Communications Office:
David Bookstaver, Director
Mai Yee, Assistant Director
(212) 428-2500

Date: September 11, 2001

Seal of the Unified Court System
Chief Judge Targets Shortfall
of Civil Legal Services for New York's Poor
ALBANY - At a judicial summit on increasing access to the legal system held in Albany today, Chief Judge Judith S. Kaye will announce the creation of the New York State Access to Justice Center, designed to address the shortfall of civil legal services available to low-income New Yorkers. The Access to Justice Center will be charged with removing barriers to legal representation for the poor and generating new ideas for civil legal services, including developing permanent funding sources, increasing services for self-represented litigants and promoting the use of alternative dispute resolution. It will be the first court-sponsored entity of its kind in the nation to fostering civil legal services for low-income litigants and to developing public-private partnerships that support the delivery of such services.

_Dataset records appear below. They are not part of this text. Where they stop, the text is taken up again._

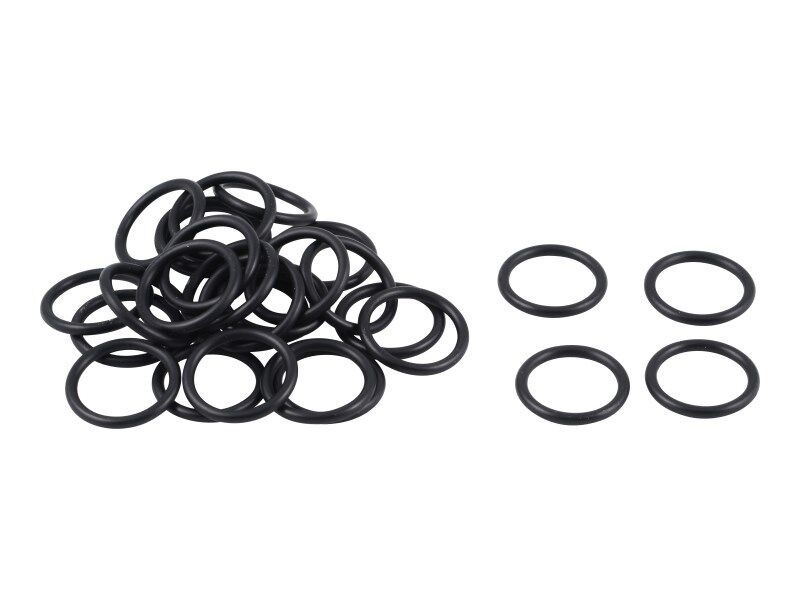 7019629 Kit of 30 Pcs of 3790116 | JLG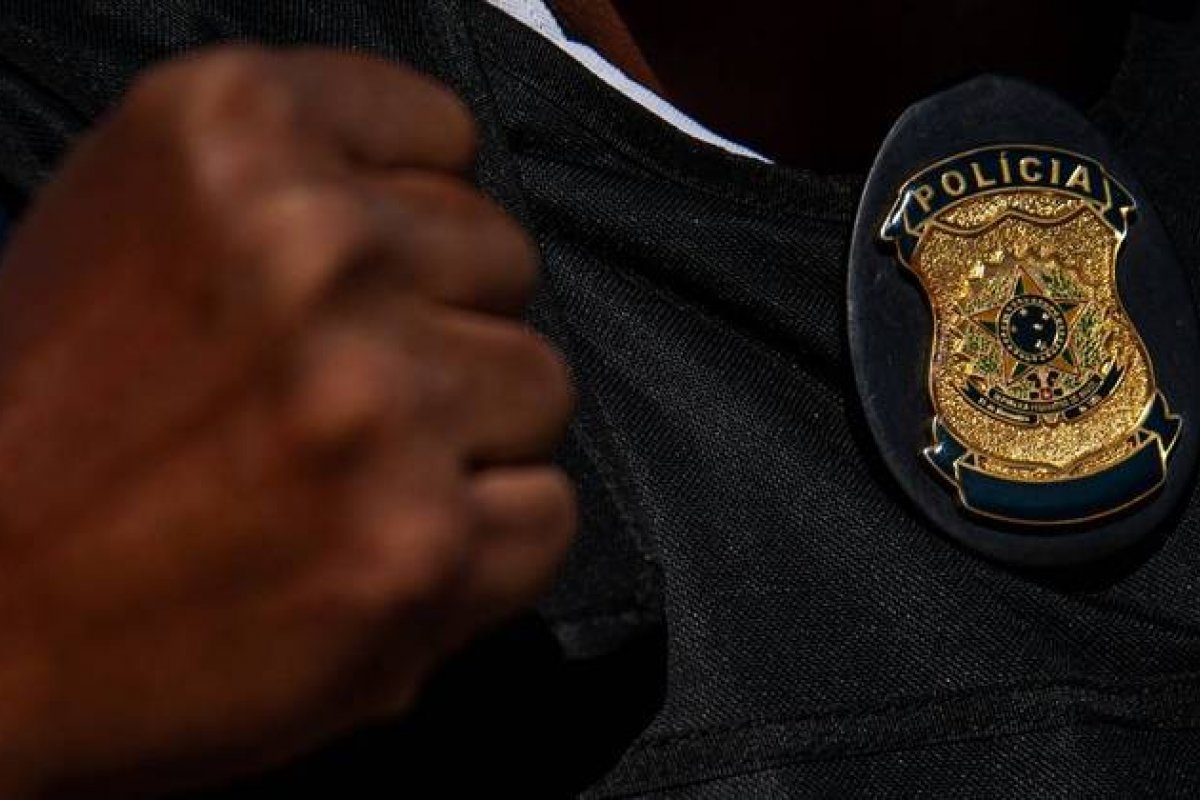 Suspeitos de tráfico de drogas morrem durante confronto com policiais militares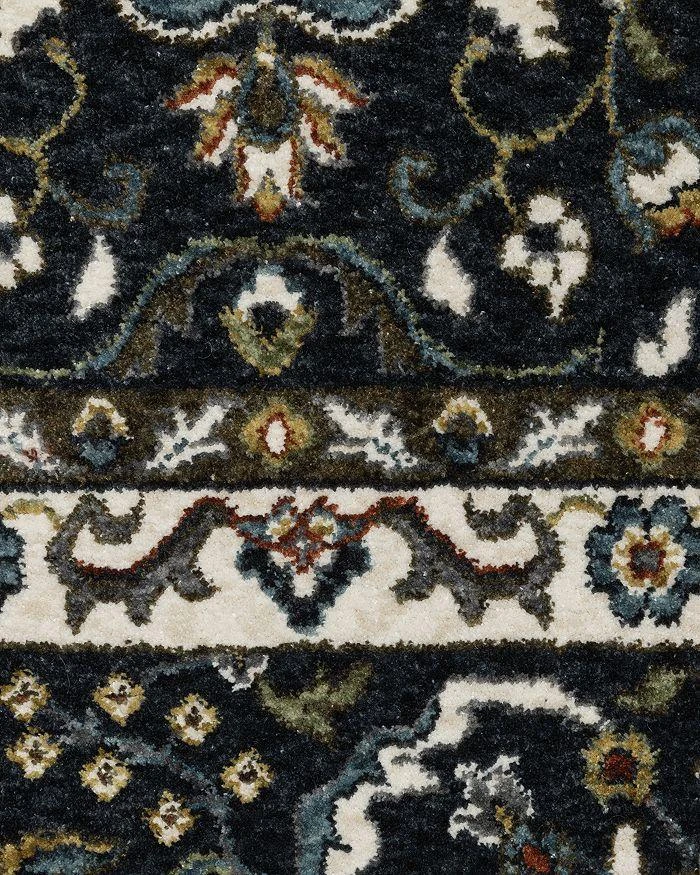 商品Oriental Weavers|Vivian VI04C Area Rug, 7'10" x 10'10",价格¥5919,第3张图片详细描述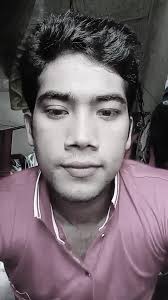 Md Samiul Islam Sami (@md.samiul.islam.s863)'s videos with original sound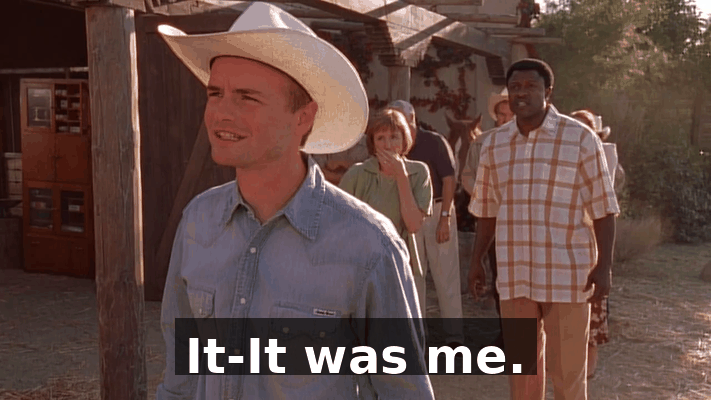 1f6f0d94-3b6f-4fa7-9ed4-63dd2883ea99.gif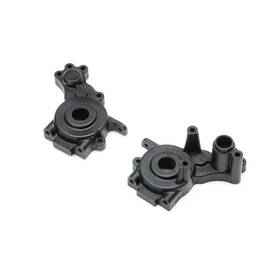 Losi Los-2433 Transmission Case 22s Sprint
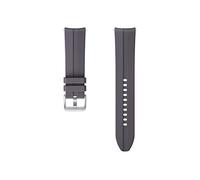 Samsung Galaxy Watch3 Ridge - Correa deportiva (22 mm, M/L)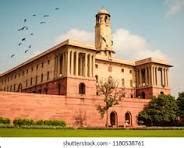 Cabinet Secretariat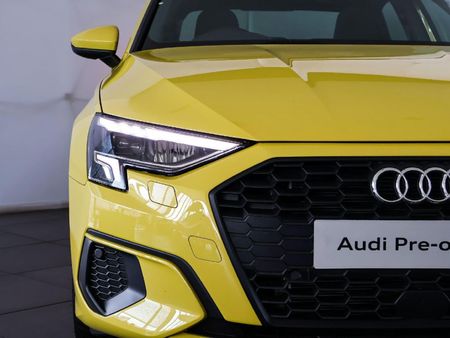 2025-Audi-A3-Sedan-Urban-Edition-35TFSI_6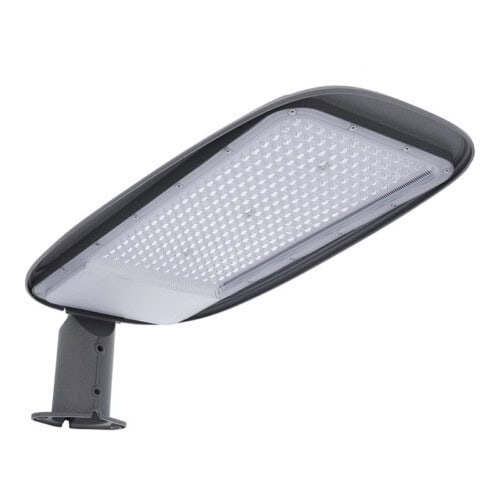 LED-Lampe für Straßenbeleuchtung 30 Watt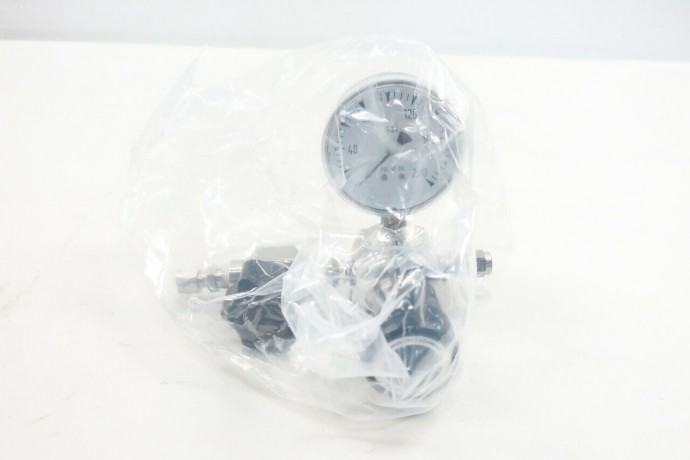 3401L-100-T4FF NA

Chief Judge Kaye said, "For a family seeking protection from eviction, for an elderly person confused by the social services bureaucracy or for a battered woman fleeing domestic violence, having access to adequate legal services can be critical to their safety and well-being. Yet only a small percentage of impoverished New Yorkers - perhaps 15% - stand a reasonable chance of getting a lawyer when they desperately need one. The Access to Justice Center will serve as the central vehicle for securing long-term funding sources for civil legal services for New Yorkers who need but cannot afford such services. I am grateful to our partners in government for their cooperation in establishing this unique center, which will help ensure equal access to justice for all New Yorkers."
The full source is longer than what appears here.